Thanks again for the reply. To preface this, your post was VERY helpful, and I doubt I would have got to the version I'm happy with now without your suggestions. I'll just say where I had to make some changes. Yours didn't do quite what I wanted right out of the box, but it gave me enough idea to get it working for what I needed. For what it's worth, when I ran your temp table version ran for about 50 minutes on my machine before I just killed it. Truthfully I didn't to a lot of profiling on it because there were a few other things I wanted to rewrite anyway. While using a random number mod @ENTRY_NUMBER is a really clever way of getting symbols, it can produce duplicates in a single set. And, unfortunately in my real set, the numbers are not uniformly distributed between 1 and 10000. Not a big deal, and given the information I gave you, perfectly valid assumptions.

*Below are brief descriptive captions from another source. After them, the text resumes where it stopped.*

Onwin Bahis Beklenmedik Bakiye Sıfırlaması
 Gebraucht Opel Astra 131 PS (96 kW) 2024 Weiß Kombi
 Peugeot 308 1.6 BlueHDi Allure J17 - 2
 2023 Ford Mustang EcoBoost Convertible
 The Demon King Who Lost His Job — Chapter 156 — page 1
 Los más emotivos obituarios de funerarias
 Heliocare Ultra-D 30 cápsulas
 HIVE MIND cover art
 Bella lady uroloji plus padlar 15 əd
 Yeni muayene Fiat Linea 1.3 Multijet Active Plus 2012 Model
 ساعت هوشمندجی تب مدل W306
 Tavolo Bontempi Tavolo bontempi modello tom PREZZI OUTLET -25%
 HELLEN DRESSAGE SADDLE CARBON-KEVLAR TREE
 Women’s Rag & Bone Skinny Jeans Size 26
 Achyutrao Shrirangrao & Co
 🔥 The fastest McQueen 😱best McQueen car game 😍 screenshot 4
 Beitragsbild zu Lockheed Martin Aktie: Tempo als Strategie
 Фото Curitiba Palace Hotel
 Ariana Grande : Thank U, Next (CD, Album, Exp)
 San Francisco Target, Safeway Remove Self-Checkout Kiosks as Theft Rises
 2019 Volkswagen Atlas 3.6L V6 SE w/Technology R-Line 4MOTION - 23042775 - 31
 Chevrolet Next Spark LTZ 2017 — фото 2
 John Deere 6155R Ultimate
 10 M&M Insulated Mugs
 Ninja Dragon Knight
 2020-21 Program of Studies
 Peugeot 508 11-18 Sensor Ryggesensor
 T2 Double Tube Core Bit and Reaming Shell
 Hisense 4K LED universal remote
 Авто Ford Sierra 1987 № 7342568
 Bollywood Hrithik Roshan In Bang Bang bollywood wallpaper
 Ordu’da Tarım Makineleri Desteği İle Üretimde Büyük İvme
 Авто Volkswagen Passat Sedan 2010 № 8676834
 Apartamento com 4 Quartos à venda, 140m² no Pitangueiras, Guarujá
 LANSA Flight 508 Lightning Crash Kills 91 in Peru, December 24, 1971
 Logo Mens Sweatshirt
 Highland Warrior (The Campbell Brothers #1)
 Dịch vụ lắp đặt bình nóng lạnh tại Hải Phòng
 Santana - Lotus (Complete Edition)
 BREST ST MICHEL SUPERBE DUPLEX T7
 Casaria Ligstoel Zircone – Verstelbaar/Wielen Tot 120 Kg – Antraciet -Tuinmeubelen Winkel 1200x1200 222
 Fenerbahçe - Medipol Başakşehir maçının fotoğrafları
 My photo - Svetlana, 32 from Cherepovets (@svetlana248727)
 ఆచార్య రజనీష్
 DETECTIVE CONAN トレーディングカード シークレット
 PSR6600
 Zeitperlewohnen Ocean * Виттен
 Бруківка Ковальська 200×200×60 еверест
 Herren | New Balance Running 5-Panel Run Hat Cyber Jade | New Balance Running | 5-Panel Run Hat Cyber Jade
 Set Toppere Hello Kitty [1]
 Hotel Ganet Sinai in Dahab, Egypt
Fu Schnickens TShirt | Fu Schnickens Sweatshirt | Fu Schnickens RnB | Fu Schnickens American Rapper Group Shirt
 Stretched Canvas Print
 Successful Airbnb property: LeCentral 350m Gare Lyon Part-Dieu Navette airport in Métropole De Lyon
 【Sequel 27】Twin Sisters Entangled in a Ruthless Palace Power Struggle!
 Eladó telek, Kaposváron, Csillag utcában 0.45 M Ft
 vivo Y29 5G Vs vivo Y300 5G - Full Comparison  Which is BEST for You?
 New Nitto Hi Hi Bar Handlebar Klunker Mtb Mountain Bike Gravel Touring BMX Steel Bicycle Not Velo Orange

After working through your sample code, here's what I came up with. All in all, it took about a 5 minutes to generate 1 million samples - start to finish. I'ts pretty disk intensive on tempdb (part of that may be the setup I have at home), but memory and memory never got too bad.

Note: I already had a persisted tally table (in my script, sysmon.dbo.numbers; I have one on ever server I ever use) so I don't use an in-line tally table

I also tried batching various steps like pulling the symbols, or serializing them, but all took longer, and didn't seem to make a sizable impact on system resources.

use tempdb

go

set nocount on

go

declare

@universeSize int = 10000,

@maxSubsetSize int = 100,

@maxSubsets int = 1000000

if object_id('tempdb.dbo.#Symbols') is not null drop table #Symbols

create table #Symbols

(

SymbolId int primary key clustered

)

if object_id('tempdb.dbo.#Samples') is not null drop table #Samples

create table #Samples

(

SampleId int primary key clustered,

SampleSize int,

Samples nvarchar(max)

)

if object_id('tempdb.dbo.#SampleSymbols') is not null drop table #SampleSymbols

create table #SampleSymbols

(

SampleId int,

SymbolId int

--primary key clustered (SampleId, SymbolId) with (data_compression = page)

)

-- This will normally be derived from a real table, so you can't assume uniform distribution, or even that all the values will be lower than some number.

-- Get a list of

insert into #Symbols (SymbolID)

select top 10000 SymbolID = num

from sysmon.dbo.numbers

order by newid() -- Just to give the list an air of randomness, so you don't try to use tricks involving sequential numbers. Not strictly necessary at all.

-- Insert an integer identifer for each sample you want to generate, plus a random number between 1 and @maxSubsetSize saying how many symbols should be in the sample

-- This serves as the framework for each group. SampleID is the identifier ofa given group

-- SampleSize is how mny rows it should randomly take off the symbol list

insert into #Samples

(

SampleID,

SampleSize

)

select top (@maxSubsets)

SampleID = num,

SampleSize = (abs(checksum(newid())) % @maxSubsetSize) + 1

from sysmon.dbo.numbers

-- DON PUT A CLUSTERED INDEX ON THIS. ITS WAAAAAAAAY FASTER INTO A HEAP

-- For each sample, cross apply a randomized subset of #Symbols with a top count = [SampleSize] (which we set in the previou statement)

insert into #SampleSymbols

(

SampleID,

SymbolId

)

select

s.SampleId,

x.SymbolId

from #Samples s

cross apply (select top (s.SampleSize) SymbolId

from #Symbols

order by newid()) x

--1.5 min on on about 50m rows

-- Cluster one up homie

-- Note I tried this witout clustering the #SampleSymbols table and it did horribly

create unique clustered index #PKC__#SampleSymbols on #SampleSymbols (SampleID, SymbolID)

with (Data_compression = none, maxdop = 4, online = off)

-- Serialize data

update o

set Samples = '[' + stuff((select ',{XID:' + cast(SymbolId as varchar(30)) + '}'

from #SampleSymbols i

where i.SampleId = o.sampleId

for xml path('')), 1, 1, '') + ']'

from #Samples o

Executive Junior Cowboy Developer, Esq.[/url]